From the data that follows, set down exactly the lines from the one with "The plan for" through the one with "Making VCE equal", counting both. Pictures stay out.

***** Input material

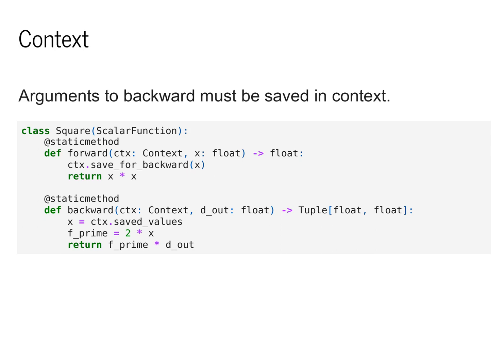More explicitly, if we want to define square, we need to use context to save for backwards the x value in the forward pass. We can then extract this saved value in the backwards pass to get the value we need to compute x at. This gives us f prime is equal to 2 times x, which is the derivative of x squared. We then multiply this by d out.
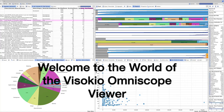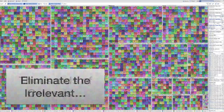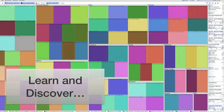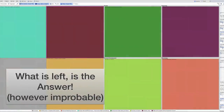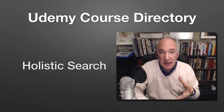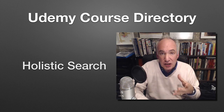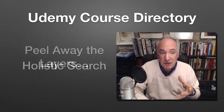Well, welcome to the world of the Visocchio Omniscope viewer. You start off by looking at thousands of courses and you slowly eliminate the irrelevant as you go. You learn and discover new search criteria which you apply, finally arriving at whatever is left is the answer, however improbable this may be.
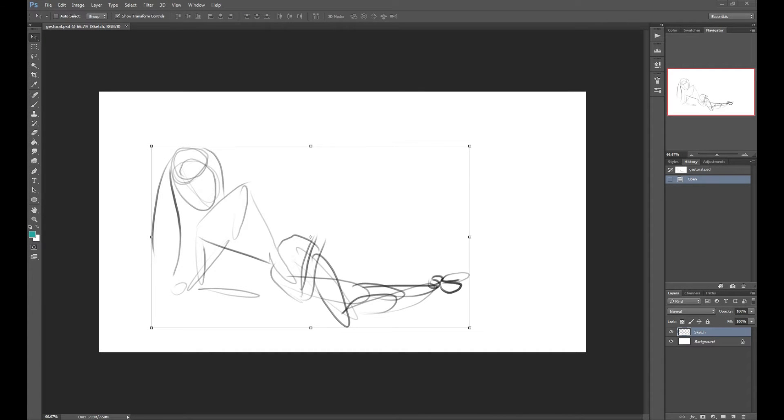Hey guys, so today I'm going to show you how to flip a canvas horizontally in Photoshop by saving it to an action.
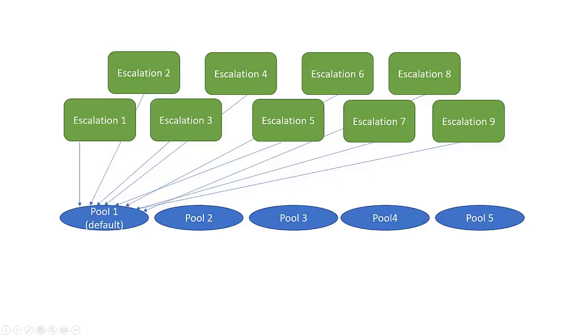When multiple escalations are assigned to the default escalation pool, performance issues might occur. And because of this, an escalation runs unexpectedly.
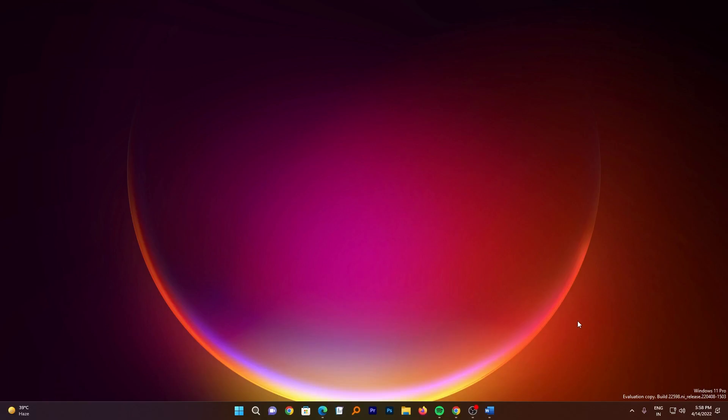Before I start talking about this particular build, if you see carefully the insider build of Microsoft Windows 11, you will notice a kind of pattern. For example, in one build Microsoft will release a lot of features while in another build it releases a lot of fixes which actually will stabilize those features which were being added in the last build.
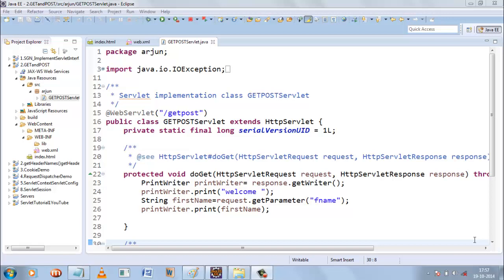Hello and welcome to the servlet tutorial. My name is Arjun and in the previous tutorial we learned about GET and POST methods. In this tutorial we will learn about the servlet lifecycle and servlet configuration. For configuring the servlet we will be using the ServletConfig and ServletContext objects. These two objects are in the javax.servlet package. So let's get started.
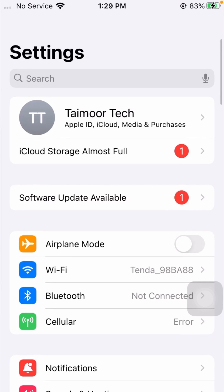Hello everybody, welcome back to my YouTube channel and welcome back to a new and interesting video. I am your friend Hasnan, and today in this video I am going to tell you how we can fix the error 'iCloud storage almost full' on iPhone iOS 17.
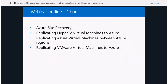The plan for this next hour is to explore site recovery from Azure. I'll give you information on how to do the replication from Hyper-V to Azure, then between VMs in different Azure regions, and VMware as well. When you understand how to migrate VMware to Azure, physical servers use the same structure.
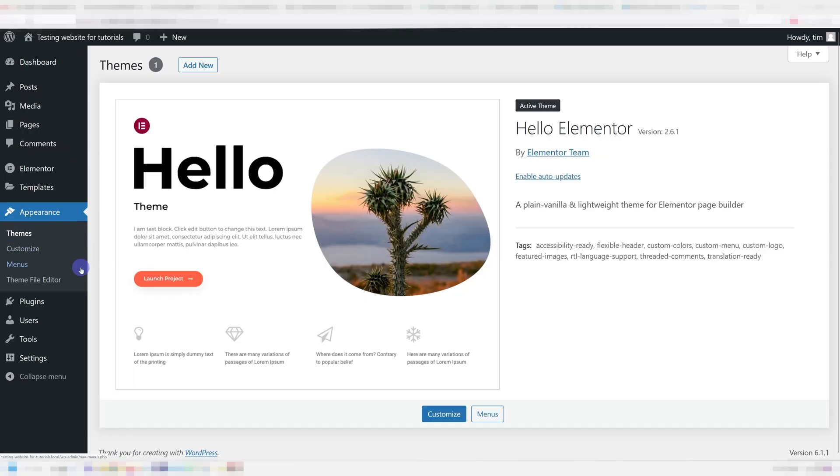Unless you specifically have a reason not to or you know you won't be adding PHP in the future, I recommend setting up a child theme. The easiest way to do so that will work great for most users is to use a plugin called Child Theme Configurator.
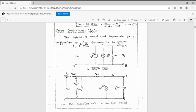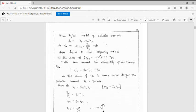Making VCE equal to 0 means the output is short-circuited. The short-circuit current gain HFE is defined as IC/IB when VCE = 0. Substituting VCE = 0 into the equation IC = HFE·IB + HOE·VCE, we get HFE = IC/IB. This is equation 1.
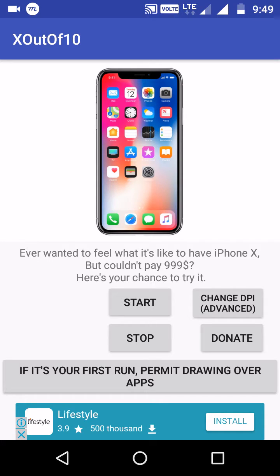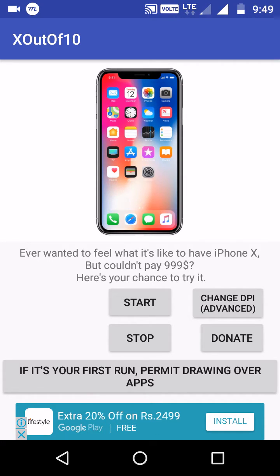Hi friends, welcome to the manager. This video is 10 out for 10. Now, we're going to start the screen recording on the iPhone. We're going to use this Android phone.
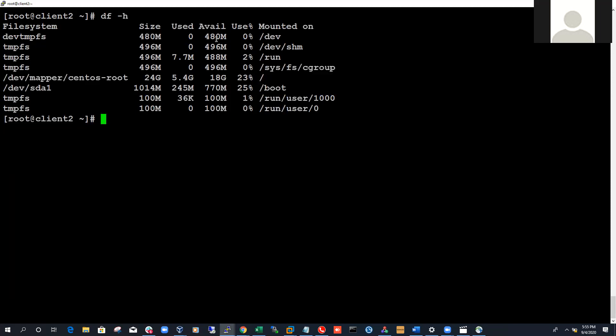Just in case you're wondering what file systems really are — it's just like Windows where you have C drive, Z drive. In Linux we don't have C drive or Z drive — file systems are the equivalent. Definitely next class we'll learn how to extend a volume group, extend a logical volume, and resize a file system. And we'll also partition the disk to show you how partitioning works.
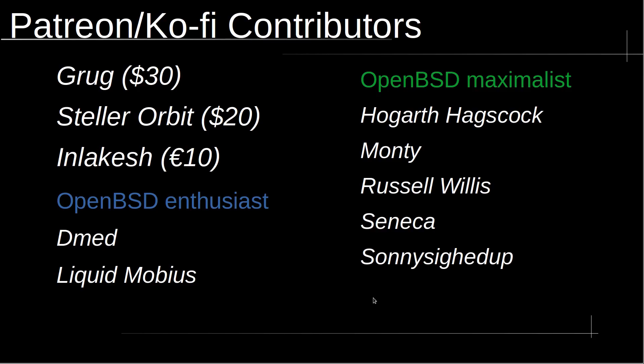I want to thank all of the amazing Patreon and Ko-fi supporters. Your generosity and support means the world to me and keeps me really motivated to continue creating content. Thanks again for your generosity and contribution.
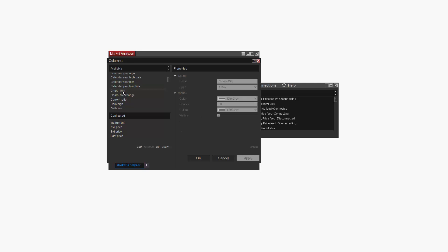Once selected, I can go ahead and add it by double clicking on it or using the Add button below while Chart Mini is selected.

**********
***** Input material

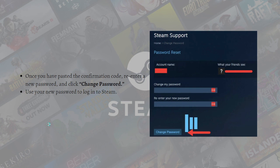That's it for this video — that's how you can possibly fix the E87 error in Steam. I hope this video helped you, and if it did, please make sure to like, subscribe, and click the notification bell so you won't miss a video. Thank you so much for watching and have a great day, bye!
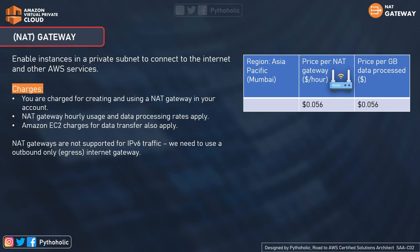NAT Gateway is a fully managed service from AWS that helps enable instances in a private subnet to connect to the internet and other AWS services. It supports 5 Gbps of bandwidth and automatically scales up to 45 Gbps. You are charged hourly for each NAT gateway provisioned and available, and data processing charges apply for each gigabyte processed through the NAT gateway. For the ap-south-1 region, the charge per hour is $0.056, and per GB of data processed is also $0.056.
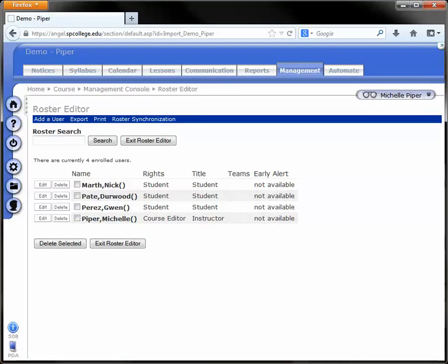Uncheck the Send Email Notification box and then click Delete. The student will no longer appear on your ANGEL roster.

**********

Written solution
The plan for this next hour is to explore site recovery from Azure. I'll give you information on how to do the replication from Hyper-V to Azure, then between VMs in different Azure regions, and VMware as well. When you understand how to migrate VMware to Azure, physical servers use the same structure.
Unless you specifically have a reason not to or you know you won't be adding PHP in the future, I recommend setting up a child theme. The easiest way to do so that will work great for most users is to use a plugin called Child Theme Configurator.
Making VCE equal to 0 means the output is short-circuited. The short-circuit current gain HFE is defined as IC/IB when VCE = 0. Substituting VCE = 0 into the equation IC = HFE·IB + HOE·VCE, we get HFE = IC/IB. This is equation 1.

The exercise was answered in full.